1982年、柴田氏は神奈川県鎌倉市で誕生する。「周りには、挫折なき人生のように思われている」と笑うが、12歳の時には中学受験に失敗するという痛い経験も。しかし、悔しさをバネに中学、高校時代は勉強に明け暮れたかいあって、東京大学経済学部へと進学。“東大経済”を目指したのには、彼なりの理由があった。
「高校時代にバブル崩壊後の“失われた10年”を目の当たりにしました。そこで、多くの人が不幸になったのは“情報格差”のせいではないか、という問題意識を持ったのです。エリート層が、きちんとした情報を社会に発信する仕組みが圧倒的に弱く、被害が拡大した。ならば自分はその部分でなにがしかの貢献がしたいと大真面目で考えていました」
大学では、学生がビジネスモデルを競うコンテストを運営するサークルに所属するが、ここで後の人生に大きく影響する2つの出来事に遭遇する。1つはそこに若き日の同社社長、吉村英毅氏が在籍していたこと。
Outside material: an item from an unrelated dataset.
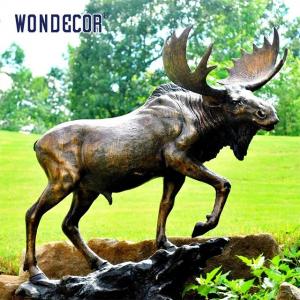 China Cast Moose Custom Bronze Sculpture Metal Animal Handicrafts on sale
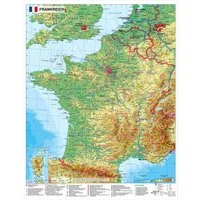 STIEFEL Poster Frankreich mit UNESCO Welterbestätten und Nationalparks, 67 x 86 cm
もう1つは会計士という職業に出合ったことだ。
「学生が提案するプランをジャッジしたりアドバイスをしたりしてもらうために、専門家を頼んでいたのです。それまでまったく知らない世界だったのですが、実現可能性を理路整然と数字で提示したりするのは驚きでしたね」「大いに刺激を受けた」ことで、会計士資格取得が目標に定まった柴田氏は、大学1年の冬には専門学校に通い始める。「勉強は厳しかった」と話すものの、なんと大学3年生にして合格。当時の最年少記録である。
大学卒業後、2005年に就職したのは、監査法人トーマツのトータルサービス(TS)3部だった。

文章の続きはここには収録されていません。